◆ Task brief: The copy you give must match the lines from the top of the data through the line containing "vidaXL Puutarhan säilytyslaatikko" exactly, and it must hold no pictures.

◆ Records to use:
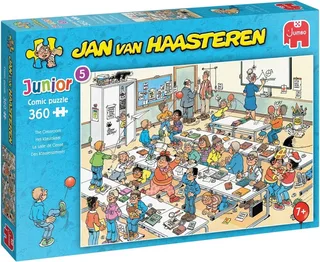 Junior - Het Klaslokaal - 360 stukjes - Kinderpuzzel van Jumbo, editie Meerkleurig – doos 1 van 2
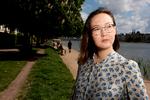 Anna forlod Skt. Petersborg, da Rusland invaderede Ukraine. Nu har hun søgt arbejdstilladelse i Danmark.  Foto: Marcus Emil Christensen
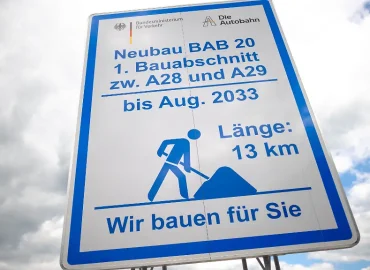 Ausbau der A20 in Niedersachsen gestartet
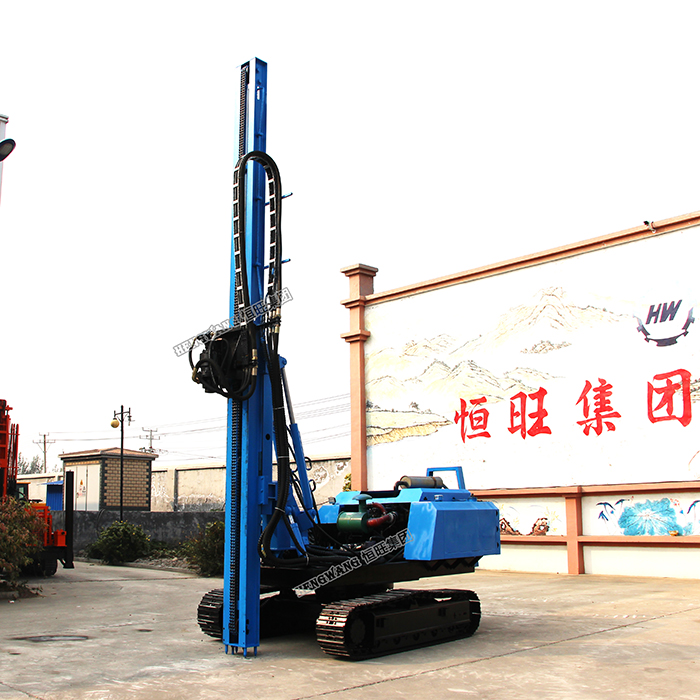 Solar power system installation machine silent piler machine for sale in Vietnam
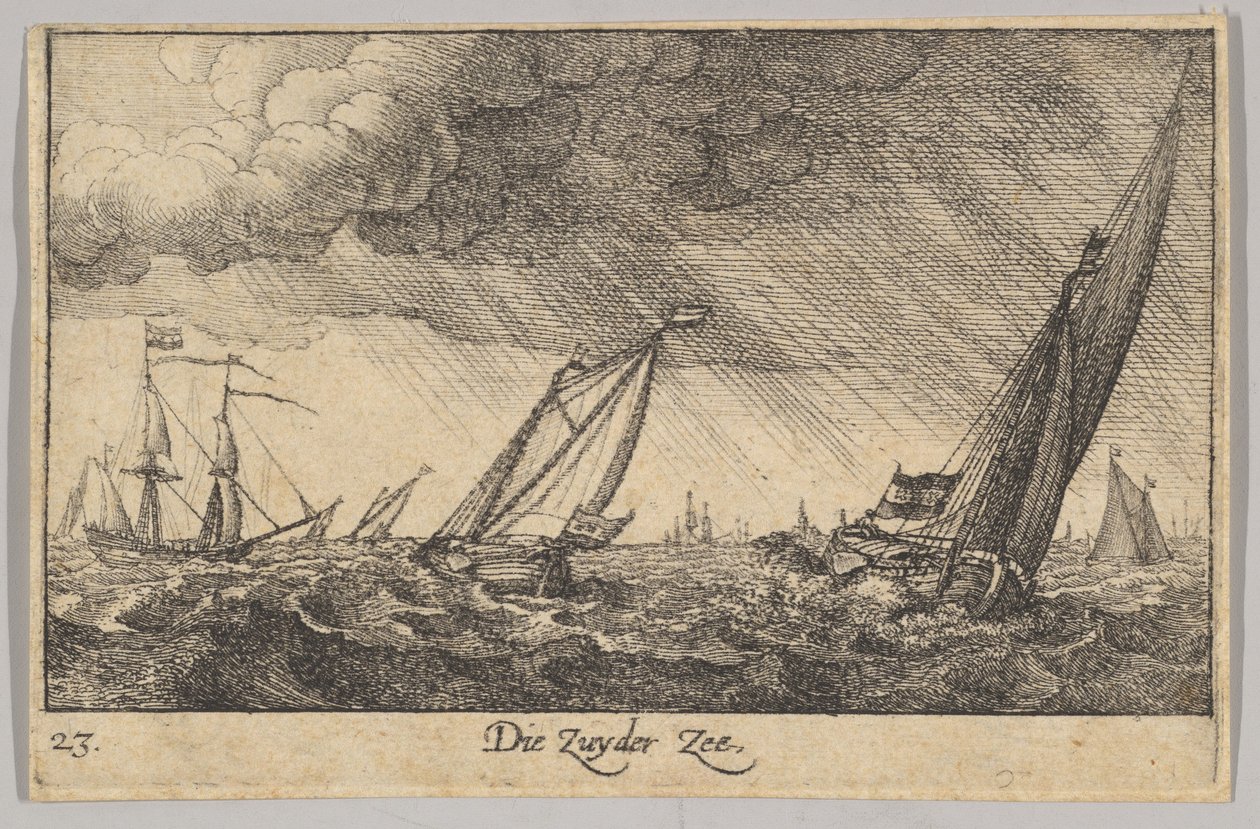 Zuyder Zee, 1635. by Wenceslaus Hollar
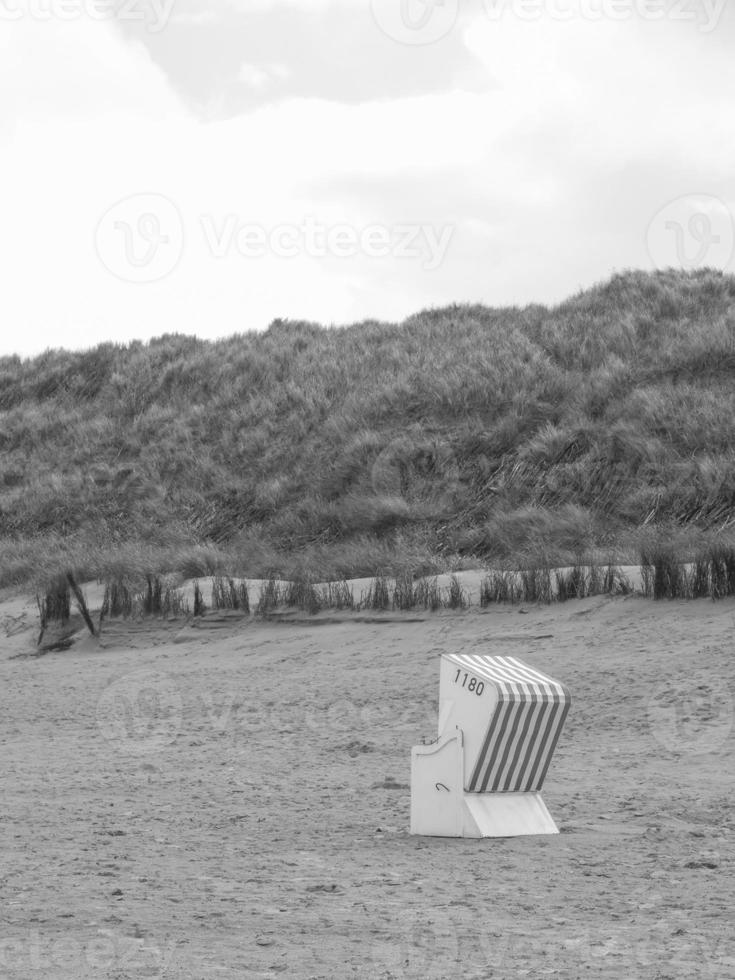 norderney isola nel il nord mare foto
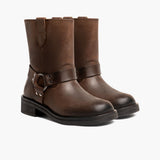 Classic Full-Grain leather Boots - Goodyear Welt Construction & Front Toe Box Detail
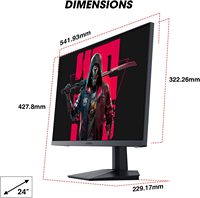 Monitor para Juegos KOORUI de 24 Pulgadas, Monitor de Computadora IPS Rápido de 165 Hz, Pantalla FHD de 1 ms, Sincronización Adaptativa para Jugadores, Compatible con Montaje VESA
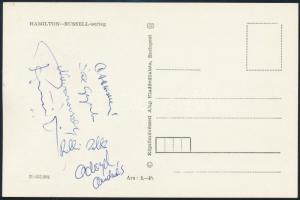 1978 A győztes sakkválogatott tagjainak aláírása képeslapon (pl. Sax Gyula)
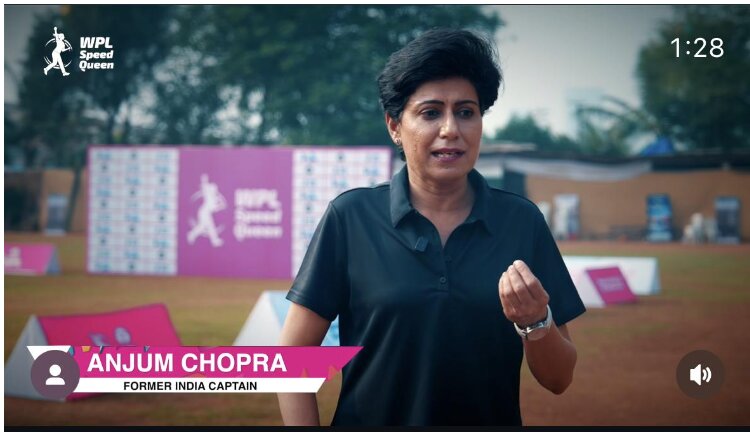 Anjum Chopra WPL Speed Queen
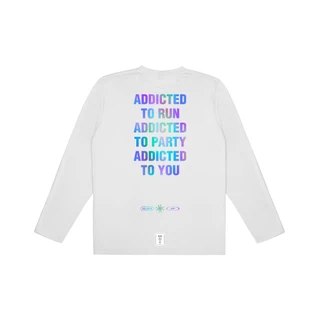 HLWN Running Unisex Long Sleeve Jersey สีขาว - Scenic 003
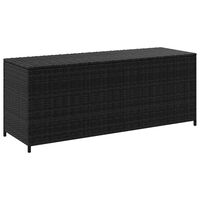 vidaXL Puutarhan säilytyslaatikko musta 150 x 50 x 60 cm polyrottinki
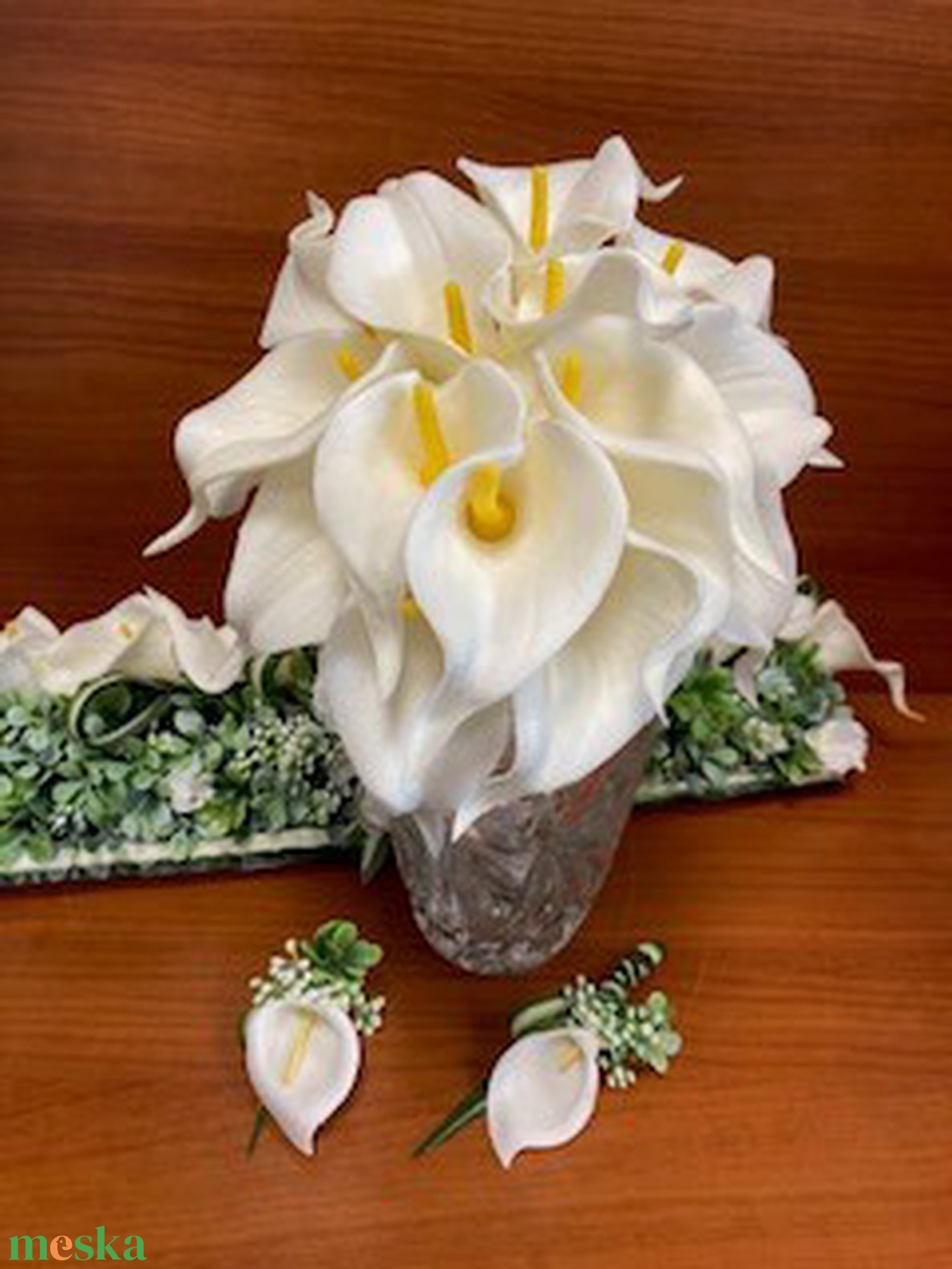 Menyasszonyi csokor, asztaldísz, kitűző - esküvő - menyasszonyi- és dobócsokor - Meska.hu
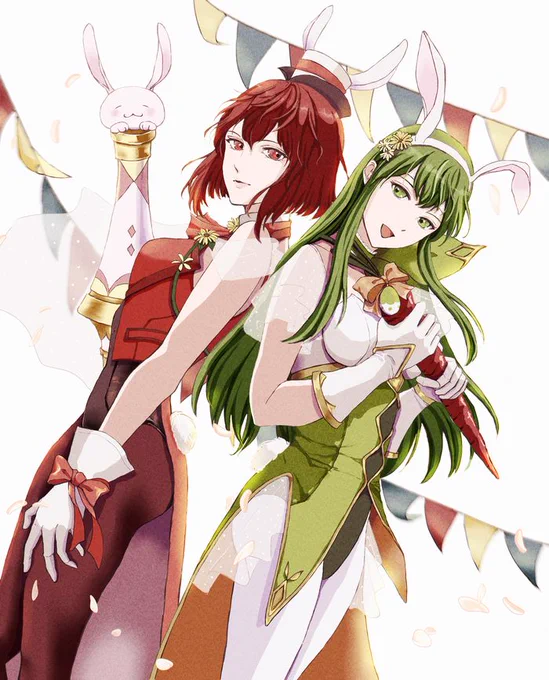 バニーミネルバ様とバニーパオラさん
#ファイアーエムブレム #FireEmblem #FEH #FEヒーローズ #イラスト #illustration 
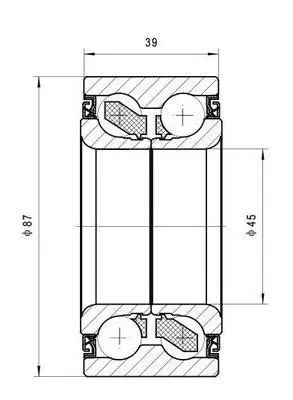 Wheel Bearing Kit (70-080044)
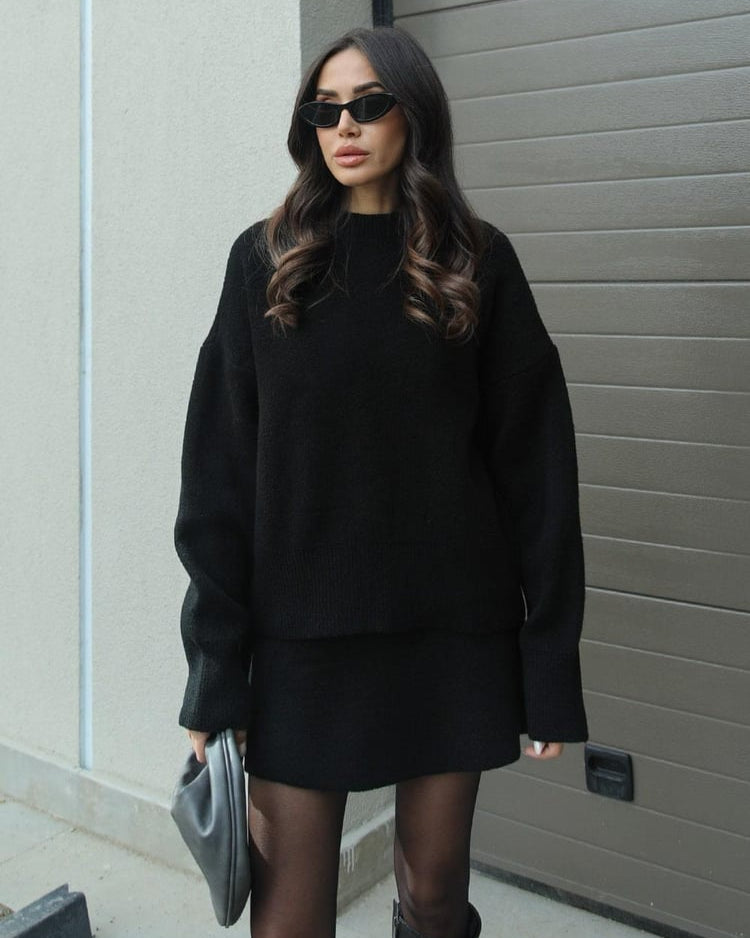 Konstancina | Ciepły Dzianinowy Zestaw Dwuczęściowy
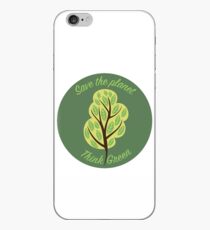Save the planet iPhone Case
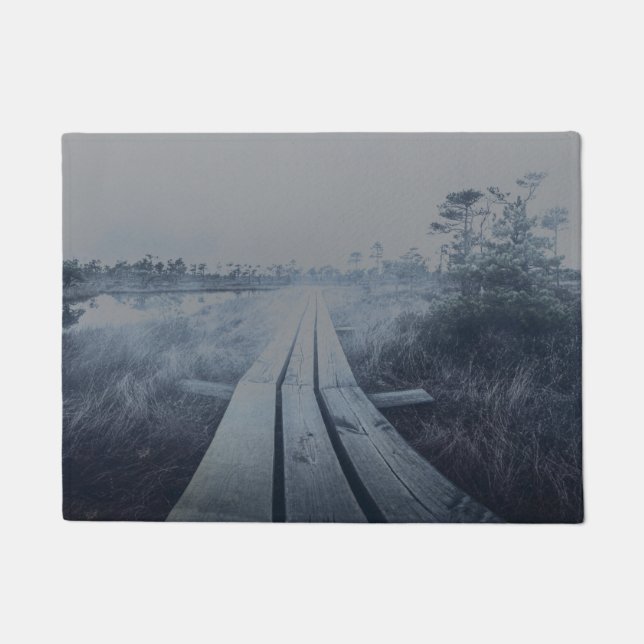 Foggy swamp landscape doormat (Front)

◆ Solution to this problem:
 Junior - Het Klaslokaal - 360 stukjes - Kinderpuzzel van Jumbo, editie Meerkleurig – doos 1 van 2
 Anna forlod Skt. Petersborg, da Rusland invaderede Ukraine. Nu har hun søgt arbejdstilladelse i Danmark.  Foto: Marcus Emil Christensen
 Ausbau der A20 in Niedersachsen gestartet
 Solar power system installation machine silent piler machine for sale in Vietnam
 Zuyder Zee, 1635. by Wenceslaus Hollar
 norderney isola nel il nord mare foto
 Classic Full-Grain leather Boots - Goodyear Welt Construction & Front Toe Box Detail
 Monitor para Juegos KOORUI de 24 Pulgadas, Monitor de Computadora IPS Rápido de 165 Hz, Pantalla FHD de 1 ms, Sincronización Adaptativa para Jugadores, Compatible con Montaje VESA
 1978 A győztes sakkválogatott tagjainak aláírása képeslapon (pl. Sax Gyula)
 Anjum Chopra WPL Speed Queen
 HLWN Running Unisex Long Sleeve Jersey สีขาว - Scenic 003
 vidaXL Puutarhan säilytyslaatikko musta 150 x 50 x 60 cm polyrottinki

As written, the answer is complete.